18. Diversity, along with excellence and integrity, is central to the LCA’s mission and plays a fundamental role in our selection of Fellows, growth, and goals. We want to quote you on diversity in the next issue of Litigation Commentary & Review, as well as the Diversity Law Institute's new website. So in a word, sentence, or paragraph, what in your opinion is the significance or importance of furthering diversity within the profession of law and throughout our system of justice?

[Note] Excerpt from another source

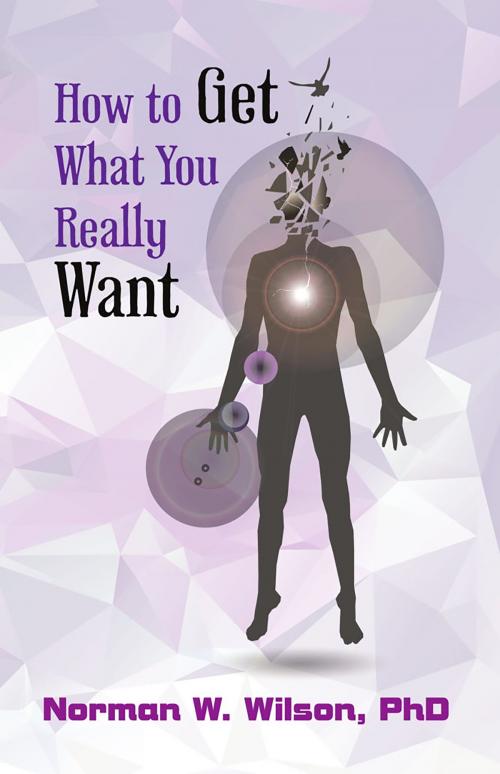 Cover of the book How To Get What You Really Want by Norman W. Wilson, Fiction4All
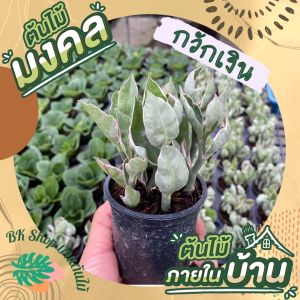 ต้นกวักเงินกระถาง 3 นิ้ว ต้นไม้มงคล ต้นไม้มงคลปลูกในบ้านต้นไม้ฟอกอากาศ ต้นไม้ปลูกในบ้าน ต้นไม้สวยงาม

For the law to be respected and judicial decisions to be accepted, our system of justice must reflect our diverse national community. As with most human initiatives, progress in diversity is made one success at a time. Therefore, it is up to us as lawyers, individually and together as a profession, to make a positive difference on this critical issue.
19. What trait do you most value in your friends?
Candid loyalty (Tell me what I need to hear, when I least want to hear it!).
20. What is your motto?
Upward and onward!
Wm. T. (Bill) Robinson III is Member-in-Charge of the Northern Kentucky offices of Frost Brown Todd LLC. He is President-Elect of the American Bar Association and will become ABA President for a one-year term in August 2011. Throughout his career, Robinson has served as a leader in his profession and in his community. An ABA member since 1972, he has been active in the Association for more than 25 years in various leadership roles, including a three-year term as association Treasurer and seven years on the ABA Board of Governors. Robinson has also served as President of the Kentucky Bar Association, a Past President of the Kentucky Bar Foundation and founding Chair of Kentucky's Interest on Lawyer Trust Accounts (IOLTA) program.
Robinson is a Fellow of the American Academy of Appellate Lawyers; a Sustaining Attorney Member of the Product Liability Advisory Council (PLAC); a sustaining member of the American Law Institute; a founding Board Member of the Appellate Judges Education Institute at SMU; is a Fellow of the Litigation Counsel of America; member of the International Association of Defense Counsel; a Fellow of the International Society of Barristers; and a Life Member of the U.S. Sixth Circuit Court of Appeals where he served on the Life Members Committee and the Judicial Conference Planning Committee. Robinson is a graduate of Thomas More College and the University of Kentucky, College of Law, where in 2004 he was inducted into the Alumni Hall of Fame.